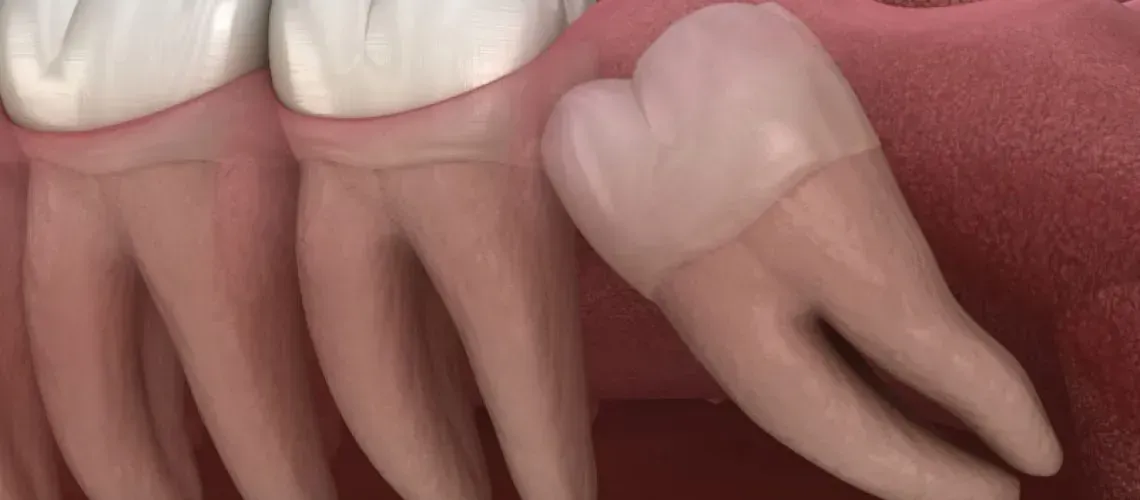 Wisdom Teeth Blog Img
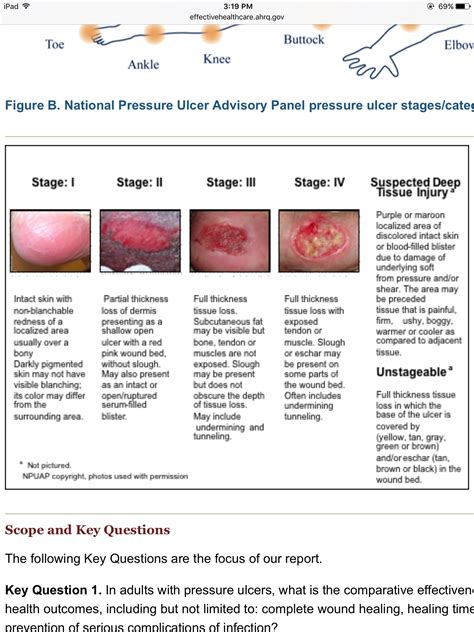 Comprehensive Guide: Managing Stage 3 Wounds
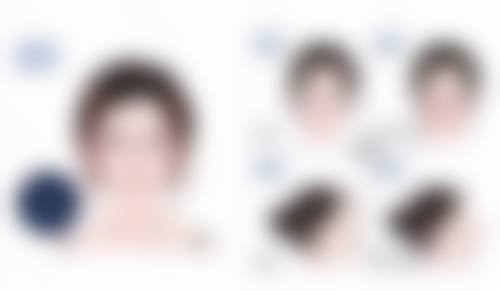 怎么样去丰太阳穴？掌握玻尿酸、自体脂肪填充等3种常见方法，轻松拥有饱满太阳穴！ 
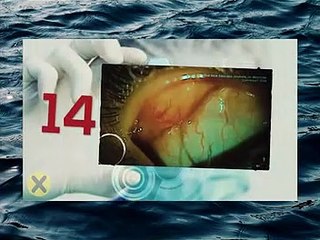 Cosas encontradas dentro de una persona  2 :O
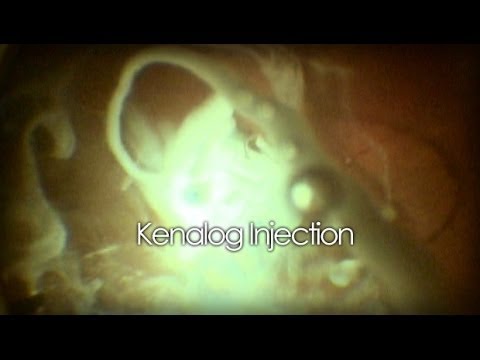 Ciò che lanalisi con osteoartrosi del ginocchio Dolore forte crescita nel collo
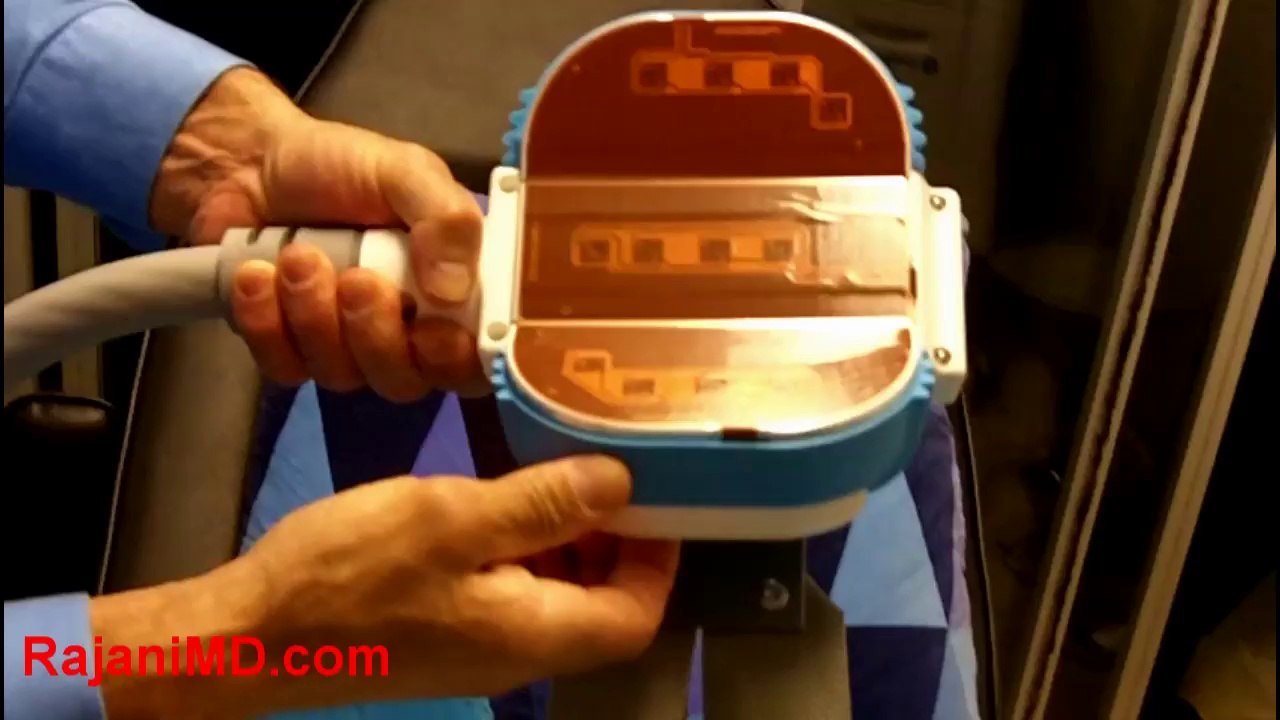 Coolsmooth Coolsculpting. Dr Rajani Shows the New Device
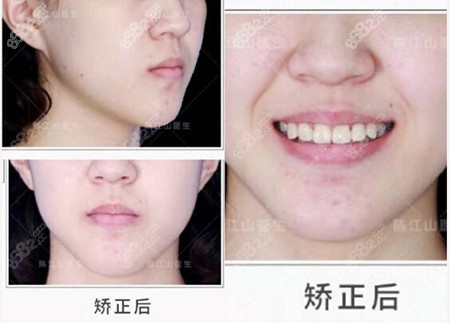 <!--<i data=20240705-sp></i>-->齿科陈江山矫正例子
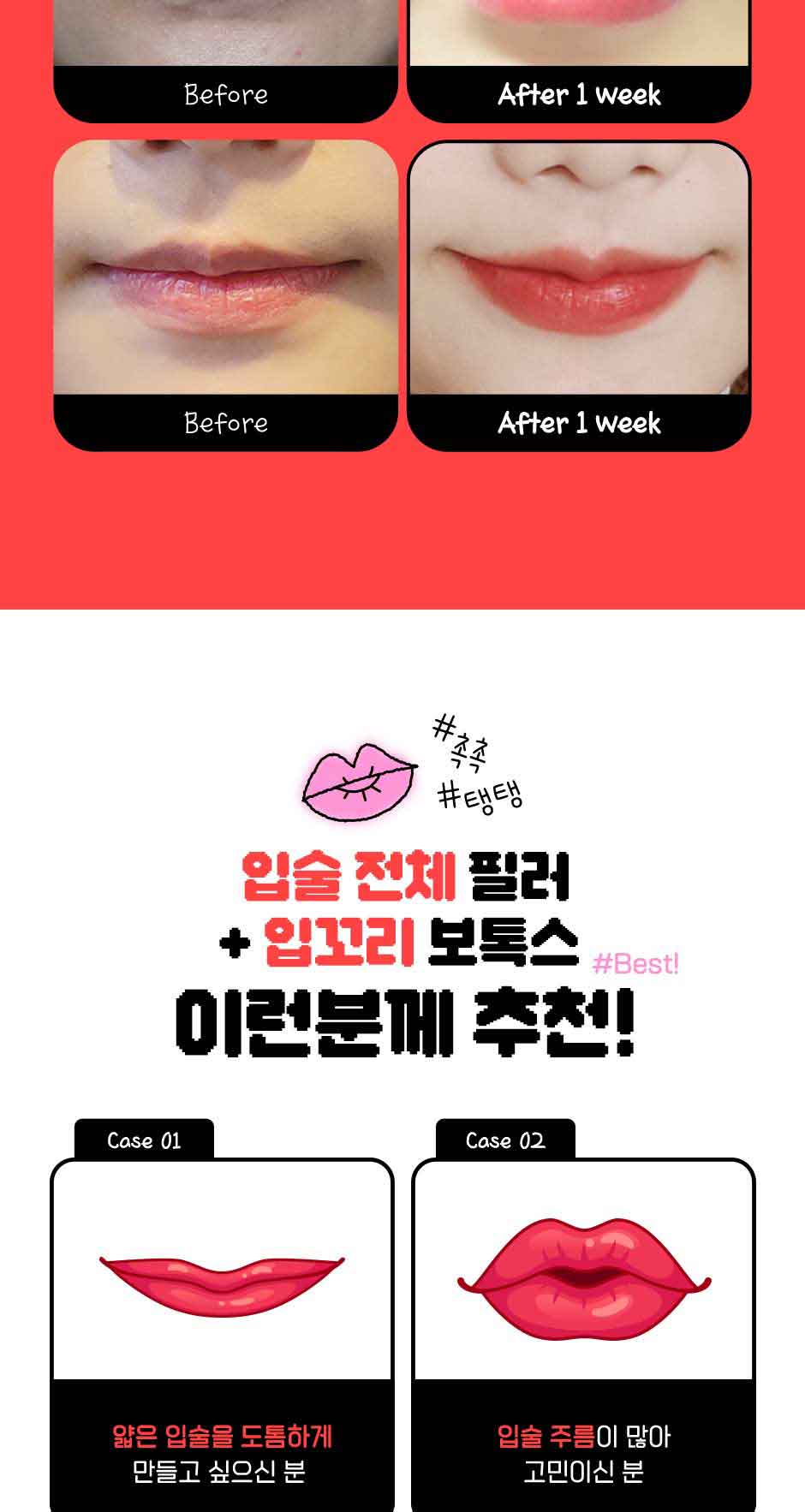 입꼬리입술필러_미인하이_05.jpg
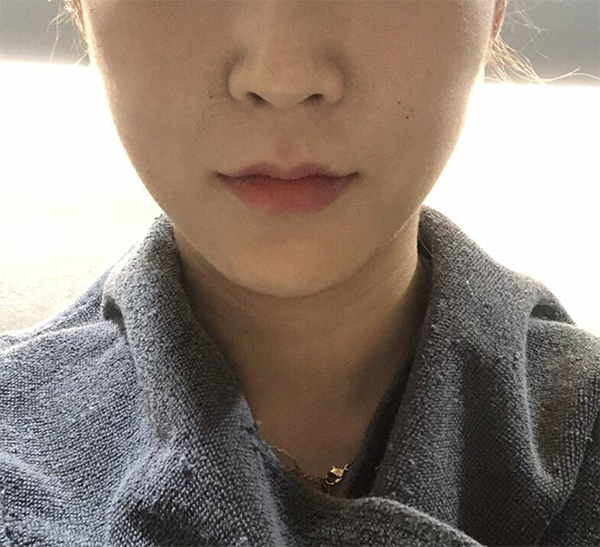 [Арьс] kkkkyu - Ulthera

^^^^^^^^

**Task directions**: The response must restate exactly the lines from the one containing "Ciò che lanalisi" through the end of the records above and must leave out all pictures.

**Exercise output**:
 Ciò che lanalisi con osteoartrosi del ginocchio Dolore forte crescita nel collo
 Coolsmooth Coolsculpting. Dr Rajani Shows the New Device
 <!--<i data=20240705-sp></i>-->齿科陈江山矫正例子
 입꼬리입술필러_미인하이_05.jpg
 [Арьс] kkkkyu - Ulthera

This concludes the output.